# Illustrator: verwackelte Bunstift-Linien grade machen?



## Fleck06 (1. April 2006)

Wie kann ich verwackelte Linien, die mit einem Stiftwerkzeug gezeichnet wurden immer mehr  grade machen?

und:

immer mehr "verrunden"?


THX


----------



## Rofi (2. April 2006)

Hi,
nachfolgend ein Auszug aus der Hilfe:



> So ändern Sie den Glättungsgrad
> Doppelklicken Sie auf das Glätten-Werkzeug .
> Stellen Sie die folgenden Optionen ein, und klicken Sie auf „OK“:
> „Genauigkeit“, um zu bestimmen, wie weit Sie die Maus oder den Stift bewegen müssen, bis Illustrator dem Pfad einen neuen Ankerpunkt hinzufügt. So bedeutet etwa ein Genauigkeitswert von 2,5, dass Bewegungen des Werkzeugs von weniger als 2,5 Pixel nicht registriert werden. Die Genauigkeit kann zwischen 0,5 und 20 Pixel liegen.

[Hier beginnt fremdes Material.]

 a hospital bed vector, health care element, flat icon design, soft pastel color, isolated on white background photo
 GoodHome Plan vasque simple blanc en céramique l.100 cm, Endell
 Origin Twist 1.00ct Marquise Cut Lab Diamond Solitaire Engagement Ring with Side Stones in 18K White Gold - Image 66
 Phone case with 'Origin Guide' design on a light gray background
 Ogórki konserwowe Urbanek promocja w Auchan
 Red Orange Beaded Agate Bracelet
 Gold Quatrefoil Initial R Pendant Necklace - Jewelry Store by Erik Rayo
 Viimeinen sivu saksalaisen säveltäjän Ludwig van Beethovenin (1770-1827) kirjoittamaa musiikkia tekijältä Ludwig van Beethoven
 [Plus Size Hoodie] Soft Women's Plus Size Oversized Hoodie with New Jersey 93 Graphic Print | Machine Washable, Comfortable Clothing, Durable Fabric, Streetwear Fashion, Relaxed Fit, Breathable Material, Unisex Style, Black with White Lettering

Je höher der Wert, desto glatter und weniger komplex ist der Pfad.
> „Glättung“, um zu bestimmen, wie stark Illustrator den Pfad glättet, wenn Sie das Werkzeug anwenden. Der Wert für „Glättung“ kann zwischen 0% und 100% liegen. Je höher der Wert ist, desto glatter wird der Pfad.



Gruß,
Rofi


----------